Hypersensitivity reactions are unfavourable immune system-generated responses. Four different categories of hypersensitivity reactions exist: Type I: Instantaneous hypersensitivity- The most typical sort of hypersensitivity reaction is hypersensitivity. Re-exposure to a particular form of antigen, known as an allergen, causes an allergic reaction. Type II: hypersensitivity is cytotoxic or antibody-dependent- Rare hypersensitivity reactions can take two to twenty-four hours to manifest. These processes take place when IgG and IgM antibodies bind to substances on the patient's own cells, producing complexes that activate the complement system. Type III: Immune complex illness- IgG and IgM antibodies bind to soluble proteins to form immune complexes that can deposit in tissues and cause hypersensitive reactions such as complement activation, inflammation, neutrophil influx, and mast cell degranulation. Type IV: Hypersensitivity of the delayed type- Reactions lack the influence of antibodies and are cell-mediated. They are the second most frequent kind of hypersensitivity reaction, and they often take two days or longer to manifest. Overstimulating T cells, monocytes, and macrophages triggers these kinds of reactions by releasing cytokines that induce tissue damage, inflammation, and cell death.

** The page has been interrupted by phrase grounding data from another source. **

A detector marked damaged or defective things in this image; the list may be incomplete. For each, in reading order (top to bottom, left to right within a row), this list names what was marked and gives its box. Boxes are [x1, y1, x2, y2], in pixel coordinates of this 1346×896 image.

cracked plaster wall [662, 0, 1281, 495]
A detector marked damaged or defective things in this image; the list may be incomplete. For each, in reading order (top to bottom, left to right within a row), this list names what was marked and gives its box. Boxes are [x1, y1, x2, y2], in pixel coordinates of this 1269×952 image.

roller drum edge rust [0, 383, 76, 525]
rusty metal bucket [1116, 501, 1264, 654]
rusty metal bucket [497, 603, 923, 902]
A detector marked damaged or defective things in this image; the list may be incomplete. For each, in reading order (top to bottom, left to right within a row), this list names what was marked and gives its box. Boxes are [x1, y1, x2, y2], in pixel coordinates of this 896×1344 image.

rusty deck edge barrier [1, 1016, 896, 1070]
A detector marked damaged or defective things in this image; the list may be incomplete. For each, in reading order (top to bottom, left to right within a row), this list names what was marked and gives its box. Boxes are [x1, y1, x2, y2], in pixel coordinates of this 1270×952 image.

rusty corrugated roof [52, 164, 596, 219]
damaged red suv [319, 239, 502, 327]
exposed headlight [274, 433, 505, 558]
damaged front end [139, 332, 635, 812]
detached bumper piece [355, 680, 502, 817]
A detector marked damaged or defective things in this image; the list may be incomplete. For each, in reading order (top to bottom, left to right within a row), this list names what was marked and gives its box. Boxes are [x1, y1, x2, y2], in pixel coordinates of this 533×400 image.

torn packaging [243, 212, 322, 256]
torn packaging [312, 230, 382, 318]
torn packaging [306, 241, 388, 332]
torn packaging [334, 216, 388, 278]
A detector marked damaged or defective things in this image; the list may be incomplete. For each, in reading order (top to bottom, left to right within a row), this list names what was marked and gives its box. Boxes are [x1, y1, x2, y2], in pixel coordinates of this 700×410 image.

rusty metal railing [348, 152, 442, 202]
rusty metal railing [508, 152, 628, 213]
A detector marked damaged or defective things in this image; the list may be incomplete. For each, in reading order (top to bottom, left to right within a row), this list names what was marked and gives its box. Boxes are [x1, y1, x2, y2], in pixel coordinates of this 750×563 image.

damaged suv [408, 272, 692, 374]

The first immunological, general defence against pathogens is called innate immunity. A number of cells, including phagocytes, mast cells, basophils, and eosinophils, as well as the complement system, mediate this quick immune response, which happens minutes or hours after aggression. In order to combat infectious organisms, innate immunity and adaptive immunity co-evolve. Adaptive immunity depends on the carefully controlled interactions of T cells, APCs, and B cells. The development of immunologic memory, or the capacity of the system to learn from or store its experiences with different pathogens, is a crucial aspect of adaptive immunity. This memory enables the body to mount efficient and quick immune reactions in response to future exposure to the same or similar pathogens.
- Turvey SE, Broide DH. Innate immunity.J Allergy Clin Immunol. 2010;125(2):S24-32.
- Bonilla FA, Oettgen HC. Adaptive immunity.J Allergy Clin Immunol. 2010;125(2):S33-40.
- Stone KD, Prussin C, Metcalfe DD. IgE, mast cells, basophils, and eosinophils.J Allergy Clin Immunol. 2010;125(2):S73-80.
- Schroeder HW, Cavacini L. Structure and function of immunoglobulins.J Allergy Clin Immunol. 2010;125(2):S41-52.
- Gell PG, Coombs RR. Clinical aspects of immunology.Clin Immunol;1963.